Bridges did this research when he was at the National Survey of Student Engagement. Now he’s a vice president with the United Negro College Fund. His data suggest that students who live on campus, even by force, feel more like college students and are more likely to graduate on time than the off-campus crowd. At Harvard, a whopping 97 percent of students live on campus. At Yale, 87 percent live on campus. At Columbia, it’s 94 percent.

“Students don’t have to go anywhere else to find entertainment, or to get their studies done, because their colleagues in their classes live down the hall or on the other side of the building,” Bridges said.

SMU cited this research when building these new dorms. There are positive signs that the investment could be worthwhile. Wake Forest University in North Carolina built new dorms and required more students to live in them last year, and has seen the campus activities flourish.

“Early returns are that we’ve accomplished what we were looking for,” said Donna McGalliard, dean of residence life and housing at Wake Forest. Only seniors at Wake Forest can live off campus. This year, most are staying on campus with everyone else.

“Every moment is touched by what they experience on the campus. And I do think colleges and universities are seeing a benefit of that,” McGalliard said.

Three years are required on campus at Duke; four years at Vanderbilt. SMU is looking at an elite club, and trying to get a ranking with the top 50 universities in the country.

Improving the food -- and dorm life

SMU may have to work to change the perception of on-campus living. Senior Spencer Ramsey explained why he shares an apartment with friends in the Knox-Henderson neighborhood of Dallas rather than living in the dorms.

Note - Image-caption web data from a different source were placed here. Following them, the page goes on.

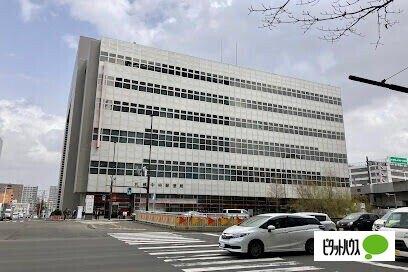 札幌中央郵便局：427m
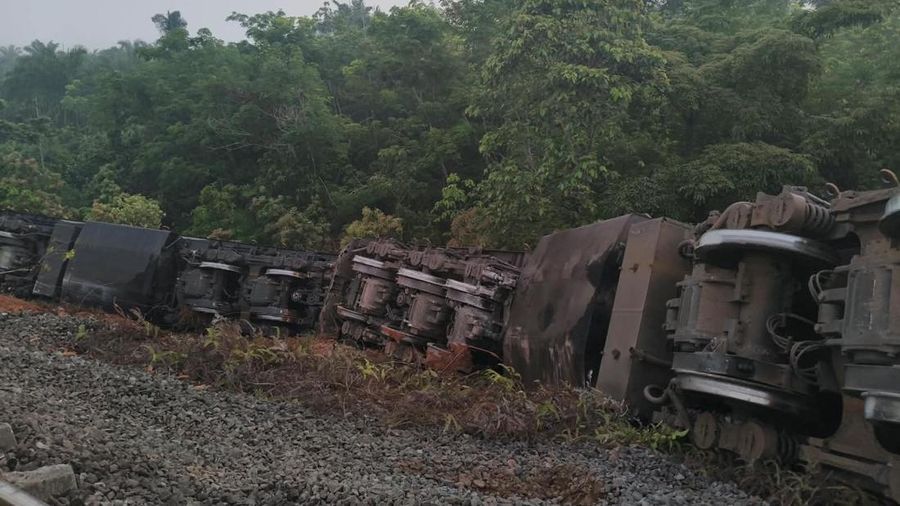 Dua kereta batu bara adu banteng ialah KA 4045 relasi Stasiun Tanjung Enim Baru menuju Tarahan dan KA 4136 relasi Stasiun Tarahan menuju Stasiun Tanjung Enim Baru di Kabupaten Ogan Komering Ulu (OKU), Sumatera Selatan. (Dok. Istimewa)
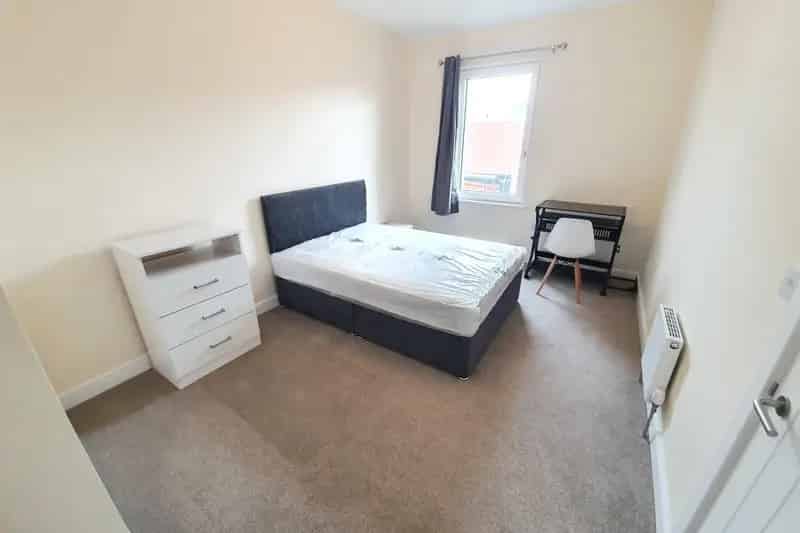 Modern 4 Bed Townhouse Near Hospital and UEA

“Once people know they can move off campus, they’ll look forward to it,” he said. “You can see it as a reward, that you’ve done your time.”

SMU hopes that good food and beautiful Georgian buildings can make on campus living less dorky and more grown up. It’s certainly got a grown-up price tag – add tuition to room and board, and freshmen and sophomores at SMU are paying more than $60,000 a year.

Amid a building boom, budget cuts

The SMU building boom comes as the university looks to cut $35 million in annual operating expenses. The university says most of that will be "reallocated to academic purposes," although it acknowledges some positions will be eliminated. 

SMU is also in the middle of a $1 billion fundraising campaign. Monetary gifts to the university help fund facilities, as well as new faculty positions, academic programs and scholarships. Those campaign gifts don't cover annual operating expenses, the university says. 

"As noted by Moody's in its latest rating analysis, expenditures to expand national prominence 'will enhance the competitive draw of the University' going forward,'" SMU president Gerald R. Turner wrote in a letter over the weekend to SMU alumni and parents.